Source information Start Marker

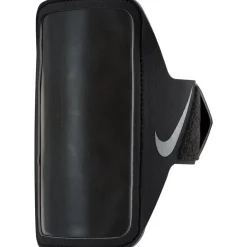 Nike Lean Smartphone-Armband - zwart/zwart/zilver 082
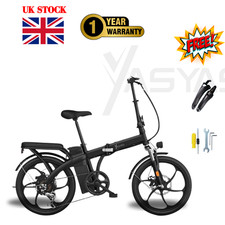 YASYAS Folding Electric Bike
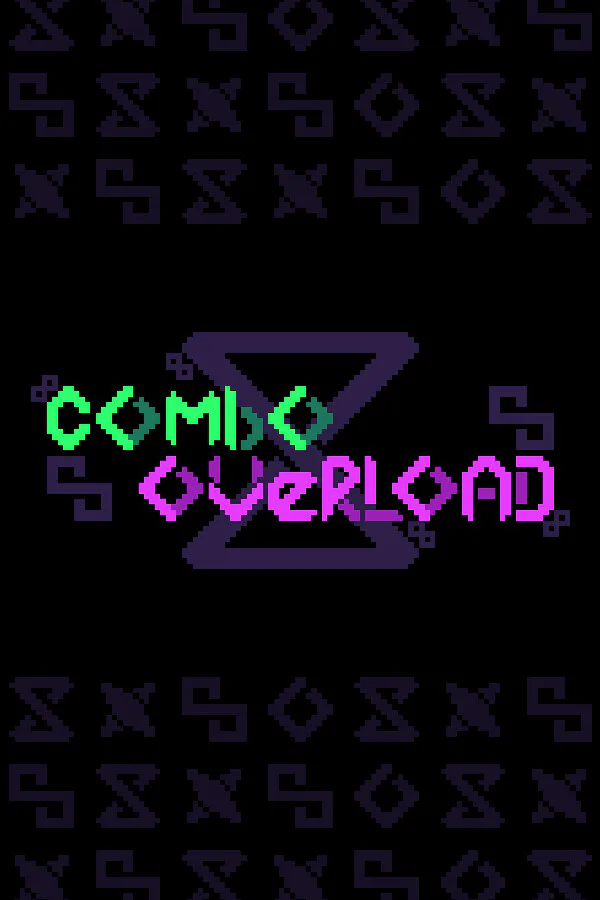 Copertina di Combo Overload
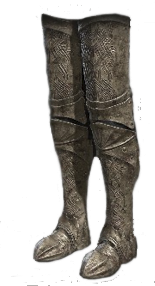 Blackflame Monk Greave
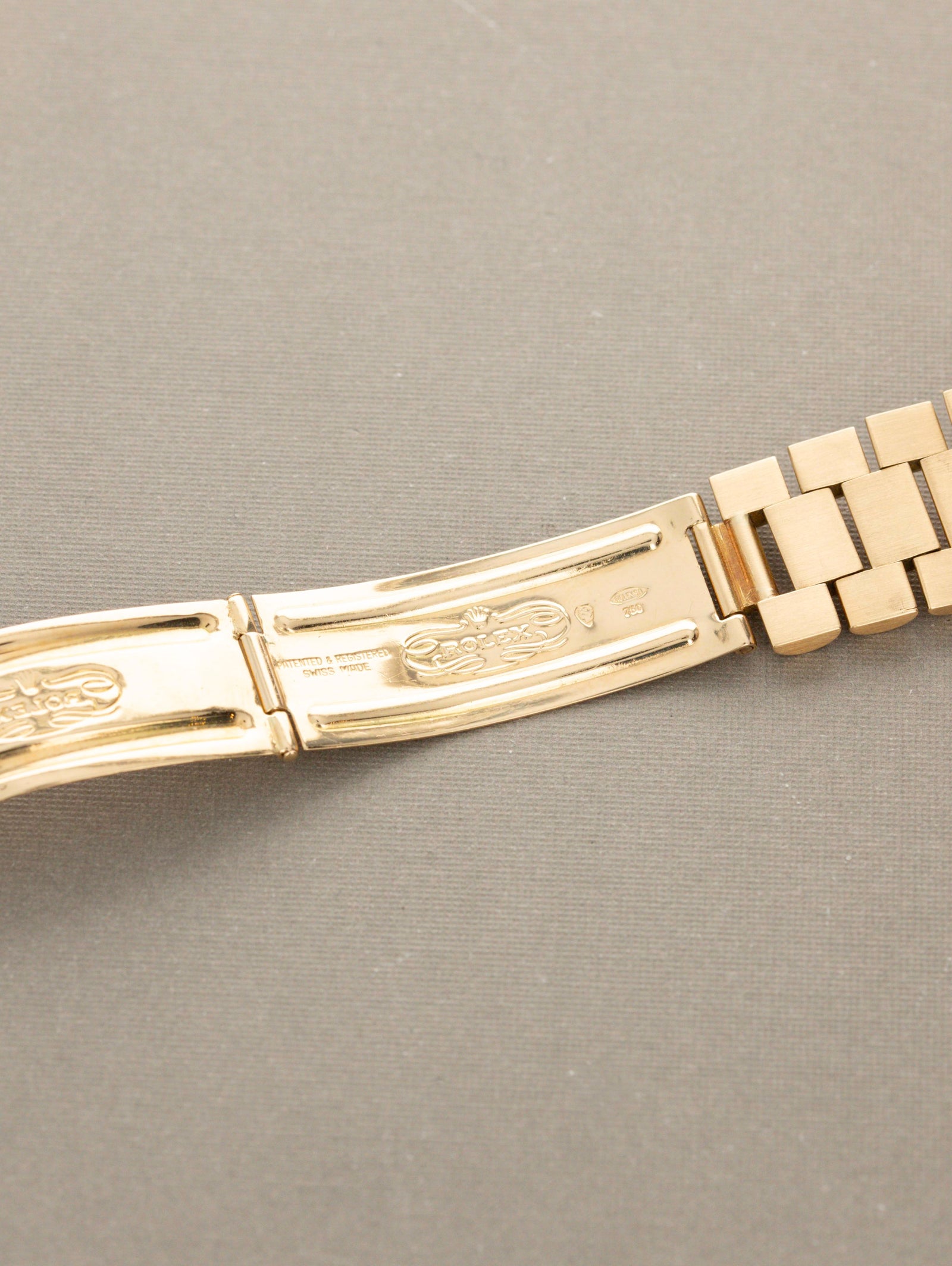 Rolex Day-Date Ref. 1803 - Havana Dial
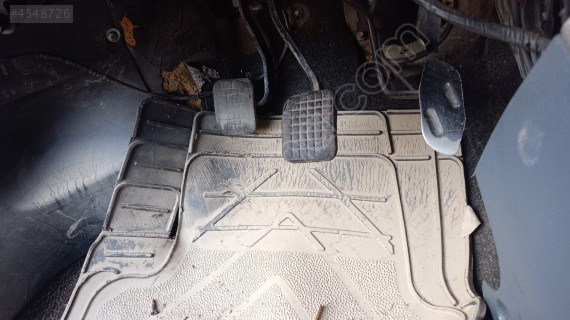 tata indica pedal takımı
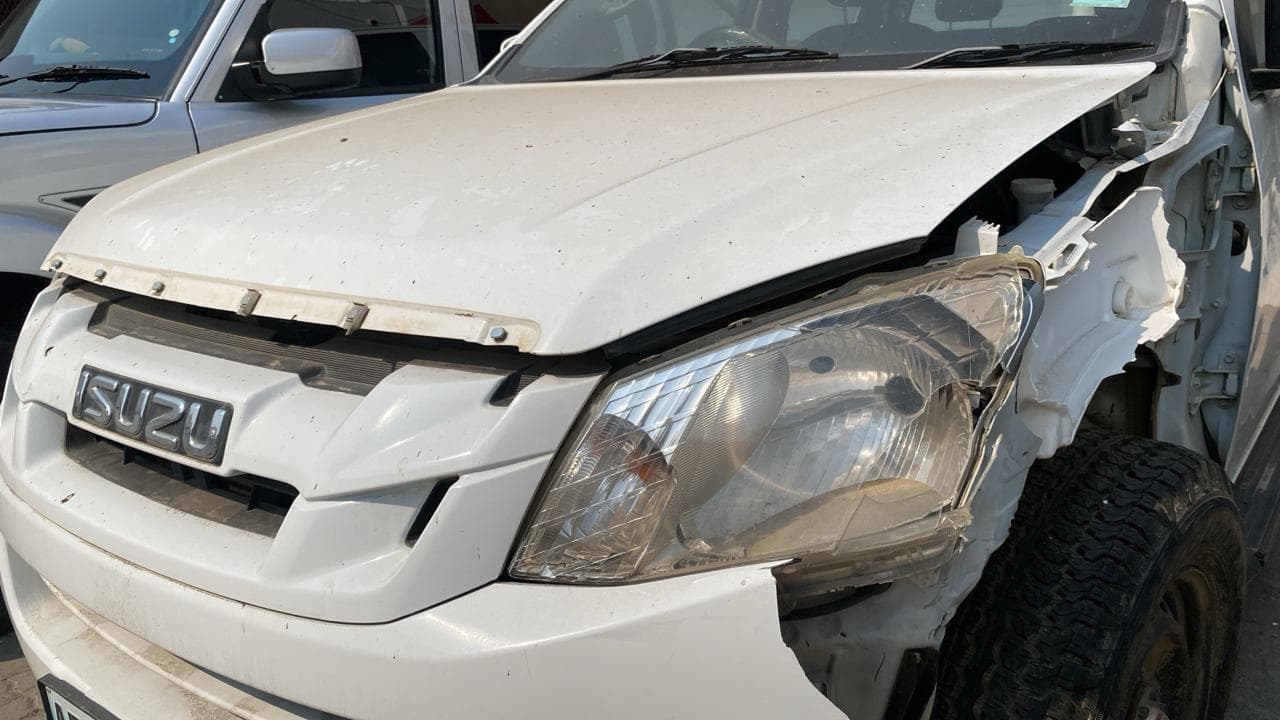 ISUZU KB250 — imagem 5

Source information End Marker
Source information Start Marker

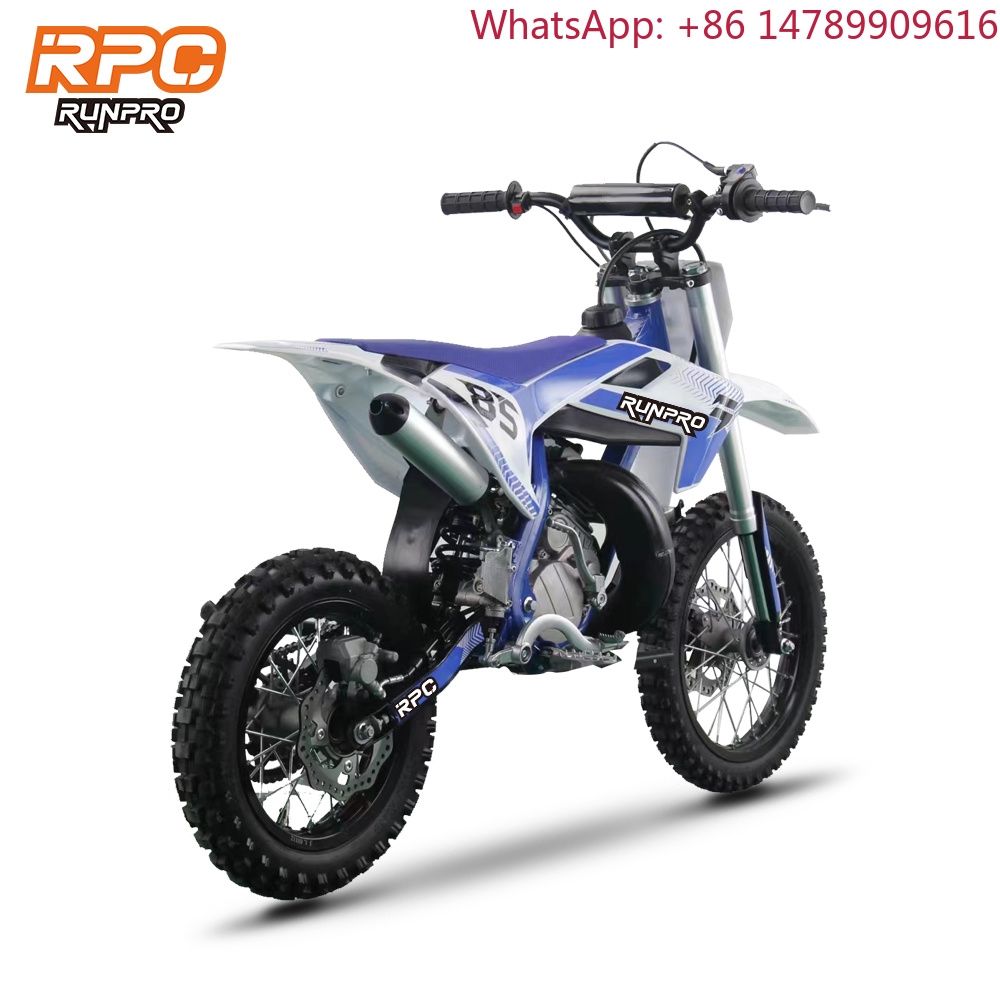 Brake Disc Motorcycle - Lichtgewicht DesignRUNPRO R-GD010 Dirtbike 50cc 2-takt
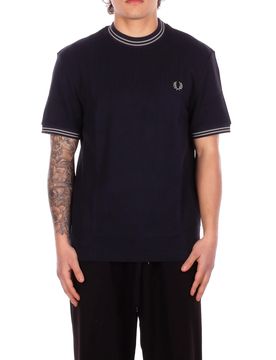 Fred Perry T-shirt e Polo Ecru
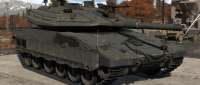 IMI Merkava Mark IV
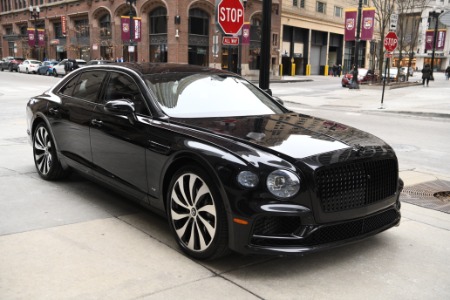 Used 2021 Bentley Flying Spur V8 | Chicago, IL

Source information End Marker
Source information Start Marker

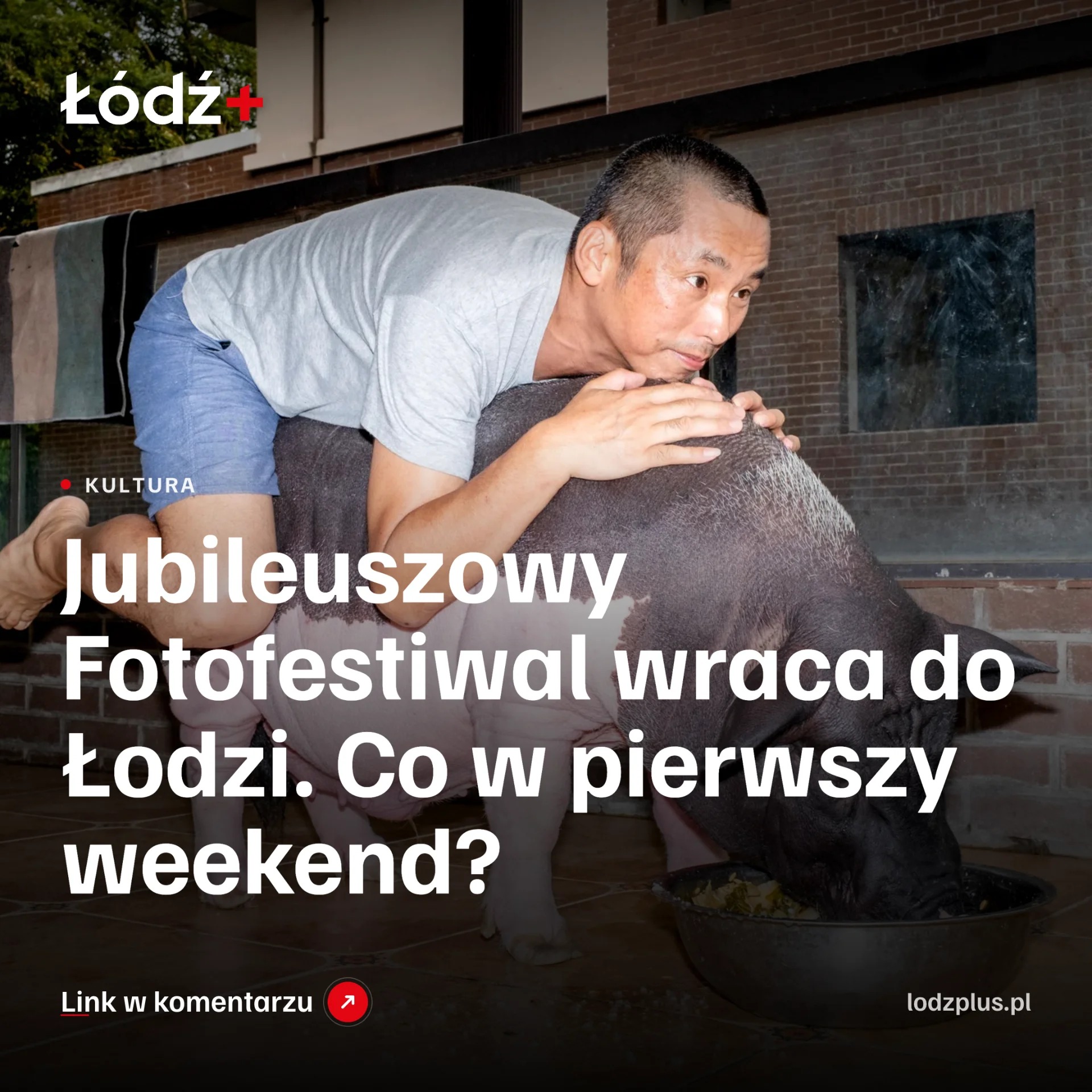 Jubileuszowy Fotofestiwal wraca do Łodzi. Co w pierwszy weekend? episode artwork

Source information End Marker

→ Requirement:
When you reach the line holding "Nike Lean Smartphone-Armband" in the listing above, begin retyping exactly, and stop once the line holding "ISUZU KB250 — imagem 5" is done; pictures stay out.

→ Output for this exercise:
 Nike Lean Smartphone-Armband - zwart/zwart/zilver 082
 YASYAS Folding Electric Bike
 Copertina di Combo Overload
 Blackflame Monk Greave
 Rolex Day-Date Ref. 1803 - Havana Dial
 tata indica pedal takımı
 ISUZU KB250 — imagem 5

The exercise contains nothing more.